Faced with these facts it beggars belief that Scott Morrison and Josh Frydenberg don’t have a plan to turn this around. While they’ve dithered, the situation has deteriorated even further.
Private business investment continued to fall in the most recent quarter and over the past year. Ongoing weakness in business confidence and recent downgrades to the capital expenditure outlook have economists expecting this poor performance will continue.
The International Monetary Fund has just pointed to some stabilisation in the global economy, so we need to look closer to home to understand why business is still reluctant to invest. Confidence is one issue, as is the lack of a settled plan from the government to boost the economy, and the absence of a workable policy to make energy cheaper and cleaner, deliver investment certainty and get our emissions down.
Australian employers and workers are paying a hefty price for this inaction, ineptitude and uncertainty. Falling business investment is a drag on demand in the short term, and a handbrake on productivity and living standards. Along with weak consumption and stagnant wages growth it has been a key reason why our economy isn’t growing strongly enough.
The Reserve Bank has done nearly all it can to revive demand and support both investment and consumption by slashing the official cash rate three times to record lows over the past year. But the RBA is fast running out of ammunition without turning to extreme measures not openly contemplated during the depths of the global financial crisis.
We desperately need businesses to lift investment in order to create high-quality, well-paid jobs for the future, including by investing in the latest technology, equipment and new facilities.
For some time, Labor has been putting forward policy ideas as part of our call for a responsible, proportionate and measured response to help get the economy moving again. This has included suggestions to help reverse the decline in business investment now at three-decade lows.
At the election, we proposed a new investment allowance called the Australian Investment Guarantee to incentivise and boost investment. This would have provided an immediate deduction of 20 per cent in the first year for investments in Australia of more than $20,000 with the remainder depreciated over the normal schedules. It was designed to lift and bring forward business investment and provide a boost to growth, productivity, jobs and wages. It could be brought forward to deal with the kind of deterioration we are witnessing.
For the past six months, we have been calling for the government to introduce some version of our proposed investment allowance.
That’s why we are pleased to see the Australian Industry Group’s endorsement of Labor’s calls for an incentive for business investment, and we welcome the details of its proposal, which largely mirrors the policy we took to the election.
Ai Group chief executive Innes Willox was right to make the point on these pages that while reforms to boost skills and innovation are needed to lift investment and productivity, there is an urgent need for a policy response to kickstart the economy now.

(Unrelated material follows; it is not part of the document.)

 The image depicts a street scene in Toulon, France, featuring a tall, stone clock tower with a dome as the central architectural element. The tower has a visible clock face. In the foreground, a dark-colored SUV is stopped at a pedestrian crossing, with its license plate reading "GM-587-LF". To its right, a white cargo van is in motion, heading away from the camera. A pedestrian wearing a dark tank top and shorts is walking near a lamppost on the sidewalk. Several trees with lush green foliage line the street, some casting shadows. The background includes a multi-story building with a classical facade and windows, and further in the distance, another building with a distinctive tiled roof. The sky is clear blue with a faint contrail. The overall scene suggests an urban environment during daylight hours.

Willox also agreed with Labor’s argument that the government should not wait until the budget to introduce an investment allowance, a point we have been making for months. Not only would this be far too late, but this approach risks chilling investment further — with many businesses likely to defer urgently needed investment until after the budget has been handed down.

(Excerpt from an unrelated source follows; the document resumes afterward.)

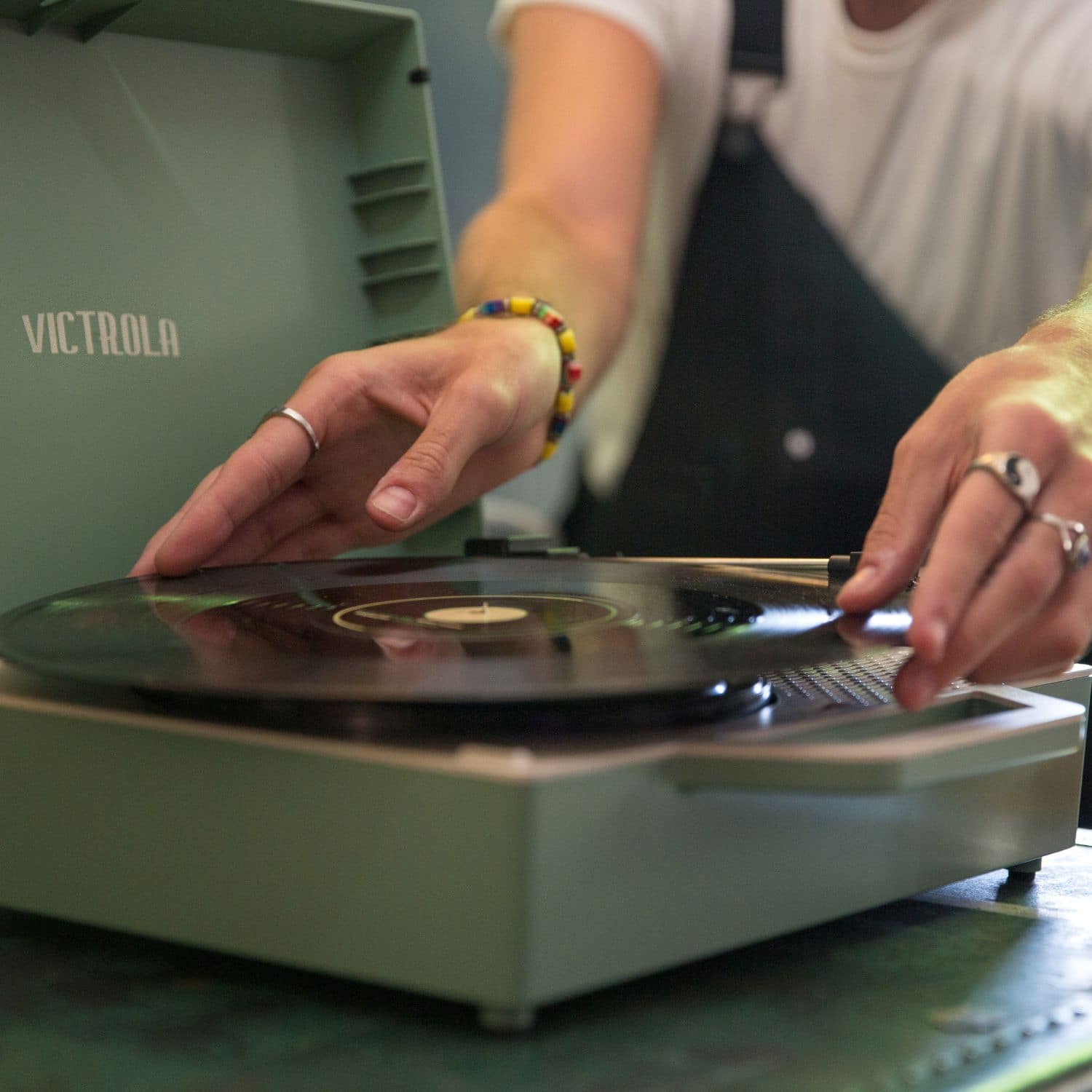 Alt View Zoom 22. Victrola - Re-Spin Sustainable Bluetooth Suitcase Record Player - Basil Green.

The Ai Group picked up and ran with our idea and so should the Morrison government.
When Labor, the business community, the Reserve Bank and other experts are calling out for measured, responsible and proportionate policies to support the economy, Morrison and Frydenberg do nothing except make excuses and point fingers. The Treasurer’s half-hearted, wishy-washy response to the Ai Group proposal was more evidence of that.
While the response to the bushfire crisis is the priority, the government cannot use these fires as another excuse to sit on its hands when it comes to the economy, which has been too weak for too long.
Poor outcomes such as declining business investment, weak growth, falling productivity and living standards are a function of a government in its seventh year spending its time spinning, pork-barrelling, defending scandal-plagued ministers and playing politics instead of coming up with a plan to boost investment and meet the big, neglected challenges in the economy.
In the absence of a plan for business investment like that proposed first by Labor then by employer groups, no wonder economic growth has slowed since Morrison was re-elected, and almost halved since Frydenberg became Treasurer.